Cartel Land, tercer largometraje del director Matthew Heineman, es un documento fílmico invaluable que reflexiona sobre la génesis y trayectoria de dos grupos armados que, bajo la pretensión de impartir justicia, operan fuera de la maquinaria del estado: por un lado el filme sigue a un grupo de patrulleros fronterizos amateur que, cansados de la “invasión” de mano de obra sudamericana –manejada en buena medida también por los cárteles– han creado patrullas armadas –compuestas básicamente por estadounidenses resentidos y “patriotas”– que se dedica a cazar, apresar y entregar a los migrantes ilegales a la policía norteamericana oficial; mientras que desde el otro lado del espectro el filme narra la historia de las autodefensas michoacanas, desde sus nobles inicios hasta su deprimente actualidad.

Heineman consigue infiltrar el movimiento de las autodefensas con arrojo e inteligencia, para capturar momentos verdaderamente escalofriantes –fieles espejos de la insostenible situación de violencia generada por el narcotráfico, resumida en la desmedida ambición de poder que otorga el dinero “fácil” y en la incapacidad del gobierno para frenar un tren que lo ha rebasado por completo– momentos que van desde balaceras, salvajes cacerías de Caballeros Templarios, documentación de la tortura sistemática impartida hacia aquellos que son “sospechosos” de narcotráfico sin mayor prueba que la palabra de algún “testigo”, y finalmente los visibles esfuerzos –encomiables pero ingenuos– del doctor Mireles para liderar la rebelión contra el narco.

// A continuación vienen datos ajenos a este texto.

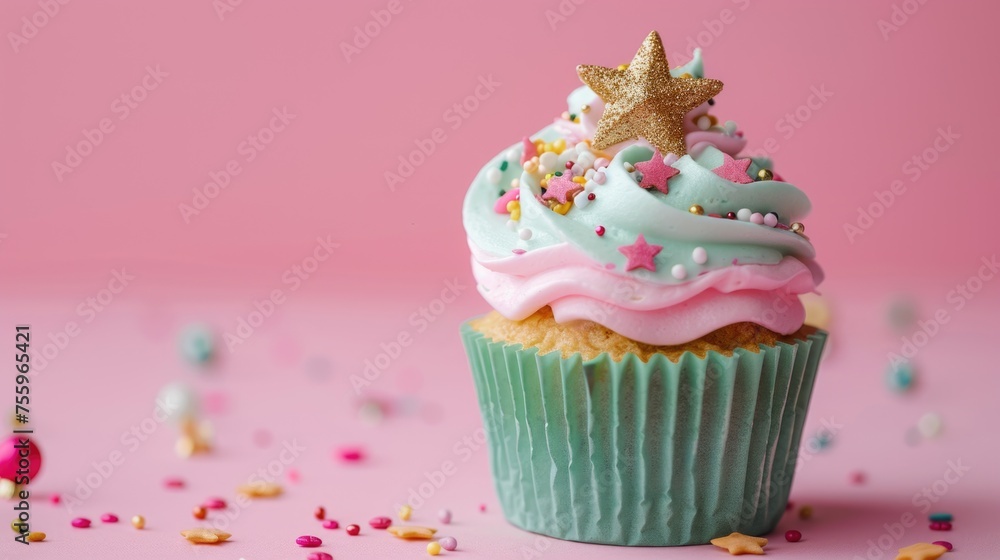 Delicious cupcake with colorful frosting and sprinkles on a pink surface. Perfect for bakery or dessert concepts. Delicious cupcake with colorful frosting and sprinkles on a pink surface. Perfect for bakery or dessert concepts.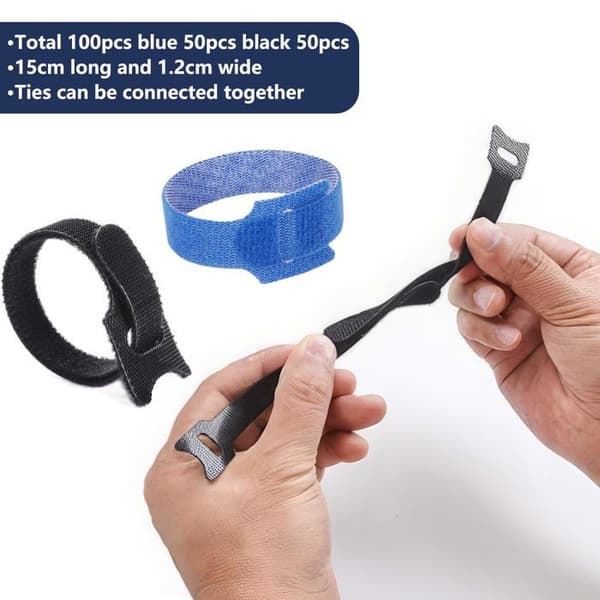 Justerbara buntband, 100-pack - Nylon - Återanvändbara - Öglespänne
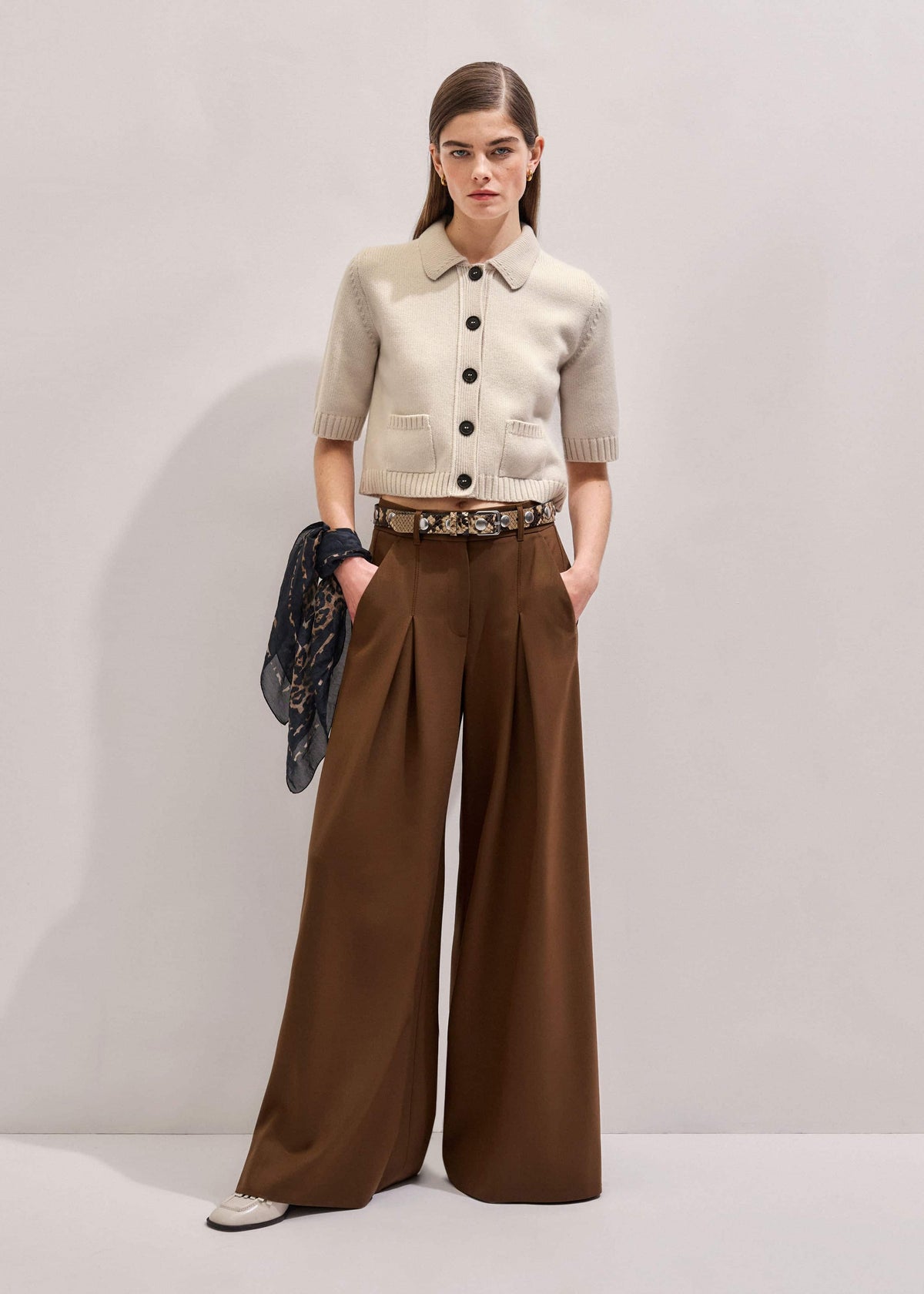 Cream Merino Cashmere Cropped Knit Jacket | ME+EM Clothing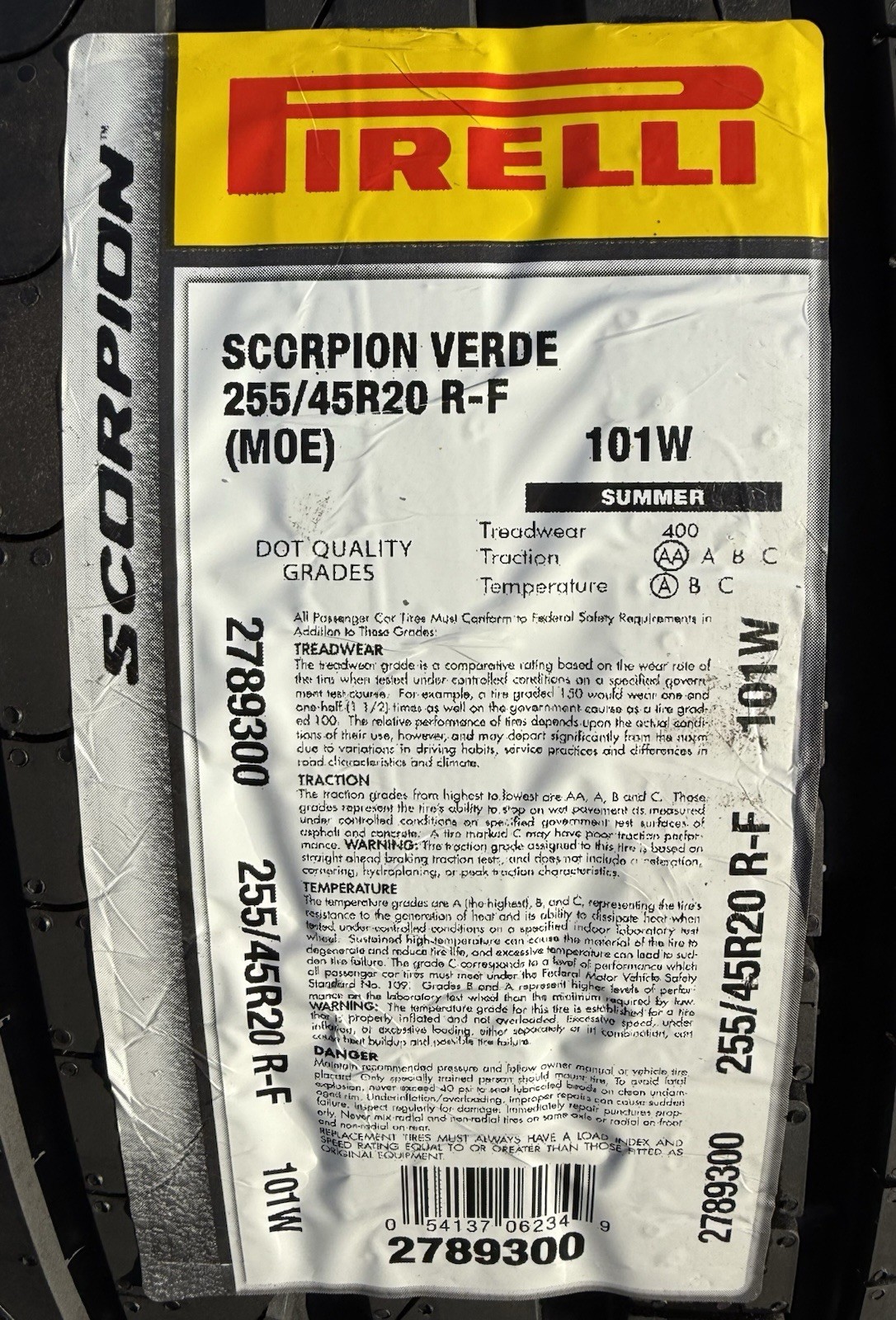 TWO BRAND NEW 255/45R20 101V Pirelli Scorpion Verde MOE Run Flat Mercedes GLC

Puedo imaginar a Heineman escogiendo su tema de estudio e intentando acercarse a la visión del justiciero norteamericano con la misma intensidad que a la de los “justicieros” mexicanos, sin embargo, conforme avanza el filme resulta evidente que los problemas que Estados Unidos enfrenta en su lado de la frontera son nada en comparación a los descabezamientos, asesinatos y tuppers repletos de metanfetamina que coexisten en la zona mexicana, situación que obliga a Heineman a dejar por momentos de lado la historia del estadounidense xenófobo para concentrar la mayor parte de su metraje en el infierno michoacano.

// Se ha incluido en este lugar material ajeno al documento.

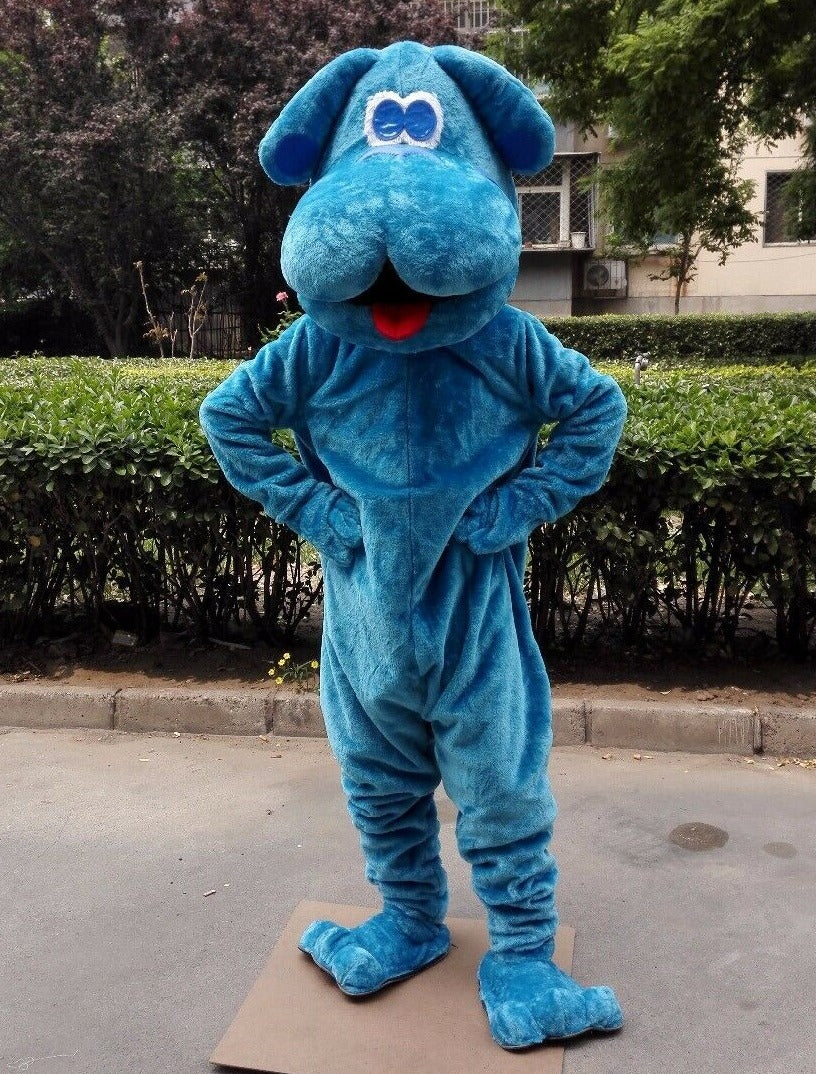 Blue Dog Mascot Costume Suit Cosplay Party Game Dress Outfit Christmas Adult New -  by FurryMascot -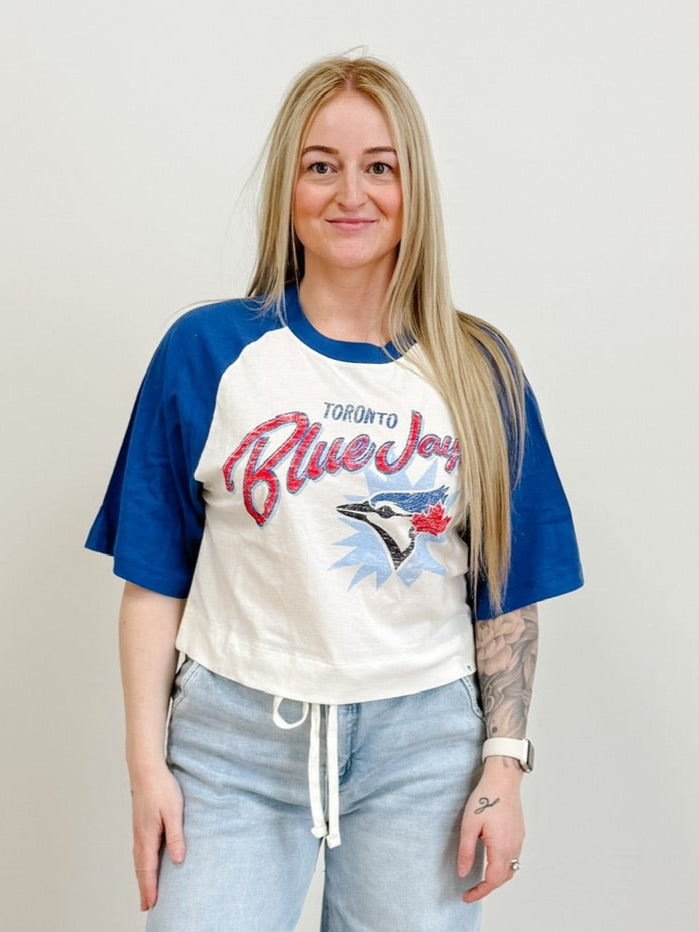 Flare Raglan '47 Blue Jays Crop Tee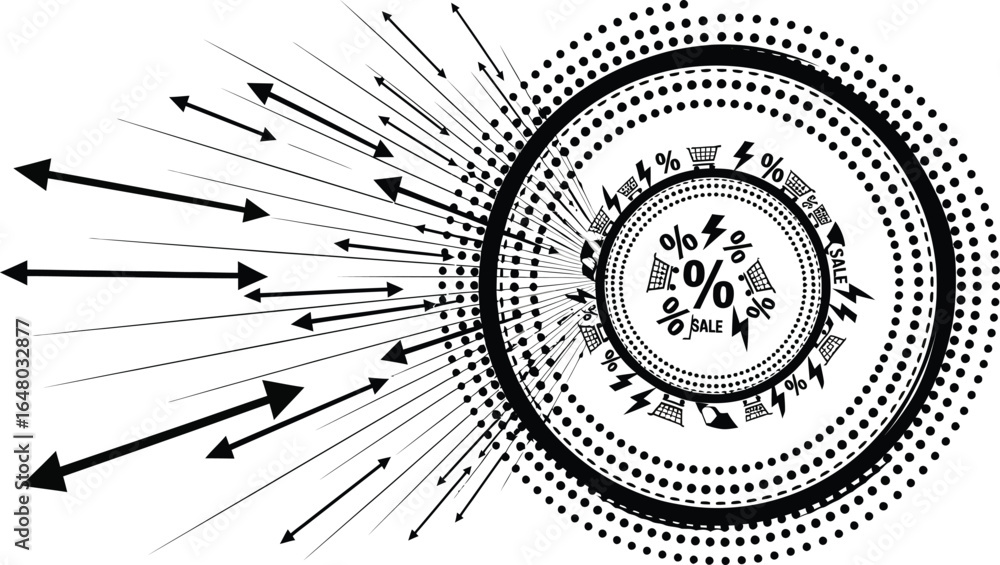 Poster vector art of abstract circular explosion with arrows and percentage symbols isolated on white backg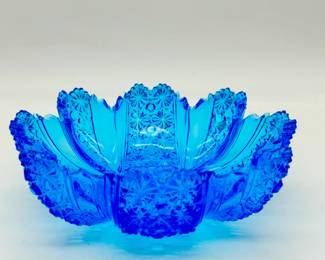 Hobbs Brockunier, EAPG Sapphire Blue Daisy And Button Bowl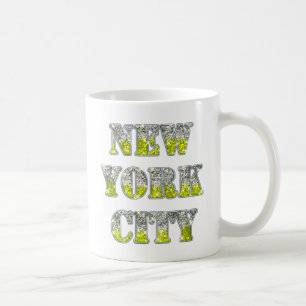 Taza De Café Purpurinas de Oro Plateado de Nueva York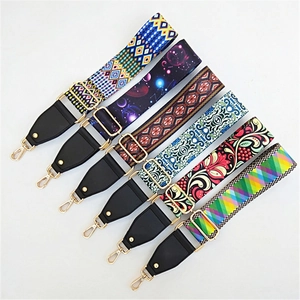 Adjustable colorful wide shoulder straps for bags with ethnic patterns and gold buckles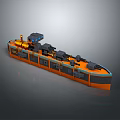 Orange Black Ship With Multiple Black Cannons And Deck Structures For Water Transport 3d model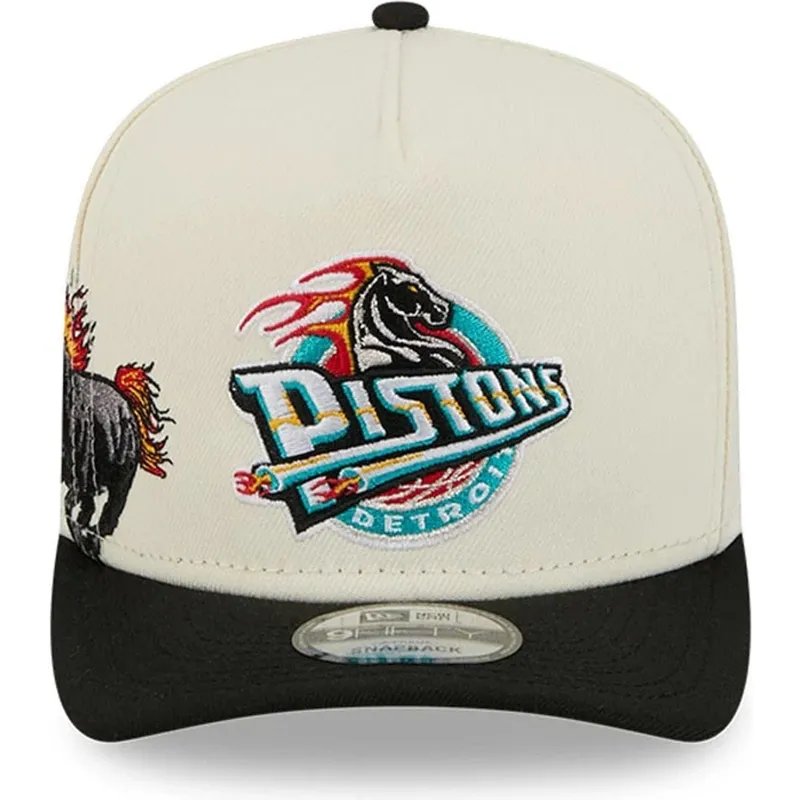 casquette-courbee-beige-et-noire-snapback-9fifty-a-frame-precurved-hardwood-classics-detroit-pistons-nba-new-era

En colaboración con el fotógrafo Matt Porwol, Heineman consigue crear un retrato aterrador del presente mexicano, que lejos de enfocarse en el drama amarillista se percibe profundamente objetivo –véase el análisis del personaje de Mireles, expuesto como un hombre brillante, idealista y de acción, pero también como un hombre manipulable y finalmente débil–. La conclusión de dicho retrato es una desesperanzadora anticipación del fracaso inevitable de esa guerra irresoluble, infinita e inabarcable contra el narco. La bandera tricolor en blanco y negro. Hora y media de puro luto.